A small sample of the Deal table looks like this, with some other interesting attributes shown:
There's currently over 13 million records in the Deal table, so we need to be as efficient as possible when querying it (as always).
We also have a temporary table we've pre-built (called #PNLData) containing valuation data that includes the DealCode and SourceId. Now we want to “look up” the latest versions of these Deals to return the latest Deal information attributes alongside our valuation data:
;WITH PNLWithDealInfo(RowNumber, DealCode, DealVersion, SourceId, EffectiveDate, MaturityDate, LocalValue, LocalCurrencyCode) AS ( SELECT ROW_NUMBER() OVER(PARTITION BY d.DealCode, d.SourceId ORDER BY d.DealVersion DESC), d.DealCode, d.DealVersion, d.SourceId, d.EffectiveDate, d.MaturityDate, t.LocalValue, t.LocalCurrencyCode FROM dbo.Deal d INNER JOIN #PNLData t ON d.DealCode=t.DealCode AND d.SourceId=t.SourceId ) SELECT DealCode, DealVersion, SourceId, EffectiveDate, MaturityDate, LocalValue, LocalCurrencyCode FROM PNLWithDealInfo WHERE RowNumber=1
(results abridged)
Hedges
Although not required to follow the example, for background information, a “Hedge” is defined in simple terms as a collection of assets and risks with similar but offsetting characteristics. They are used, among other things, to offset market risk and provide accounting benefits.

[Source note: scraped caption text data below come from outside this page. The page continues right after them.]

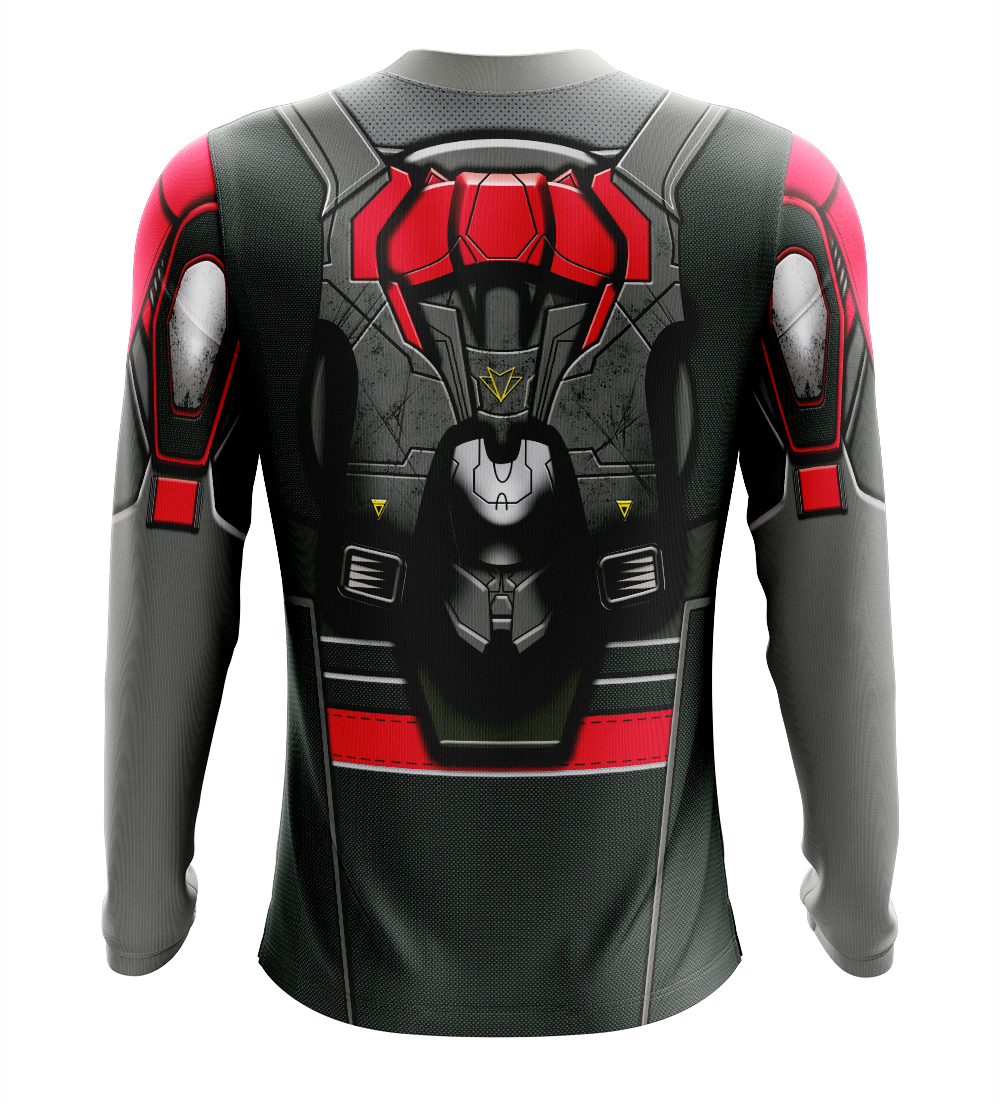 Falc�o Sam Wilson Vingadores Dry-Fit Graphic T-Shirt - Short Sleeve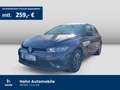 Volkswagen Polo 1.0 TSI DSG Life Navi LED App Connect PDC Grau - thumbnail 1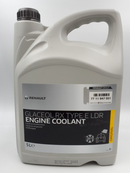 Genuine Renault Glaceol RX Type E LDR Green Coolant - 77 11 947 051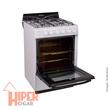 Cocina a Gas Florencia 5536F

Let's say we have a Hedge state table (dbo.hfv_hedge_rel_state) that stores historical Hedge information against monthly reporting dates.
Each Hedge (designated by a hfv_hedge_rel_id) record either continues as status “Active” in subsequent months, or is “Dedesignated” and no subsequent entries for this Hedge are added.
For example, the following records are present for Hedge 5815:
We can construct the following useful view to return the latest Hedge status information for each Hedge using the ROW_NUMBER() function and CTE construction we used earlier:
CREATE VIEW dbo.v_hfv_latest_hedge_status AS WITH LatestHedgeStatus (RowNumber, hfv_hedge_rel_state_id, hfv_hedge_rel_id, reporting_date, effective_percent, hedge_rel_status_code) AS ( SELECT ROW_NUMBER() OVER(PARTITION BY hfv_hedge_rel_id ORDER BY reporting_date DESC), hfv_hedge_rel_state_id, hfv_hedge_rel_id, reporting_date, effective_percent, hedge_rel_status_code FROM dbo.hfv_hedge_rel_state ) SELECT hfv_hedge_rel_state_id, hfv_hedge_rel_id, reporting_date, effective_percent, hedge_rel_status_code FROM LatestHedgeStatus WHERE RowNumber=1 GO
Now, we simply use the view to query for the Hedge we were looking at earlier:
SELECT hfv_hedge_rel_id, reporting_date, effective_percent, hedge_rel_status_code FROM dbo.v_hfv_latest_hedge_status WHERE hfv_hedge_rel_id=5815
Conclusion
The ROW_NUMBER() function offers us an intuitive and efficient method to return subsets of versioned data, “partitioned” to suit our requirements. The ROW_NUMBER() based solutions are easier to read, intuitive to write, and more efficient than correlated sub-query equivalents.
If you find yourself writing a correlated sub-query involving MAX or MIN, you should take a look at ROW_NUMBER() first.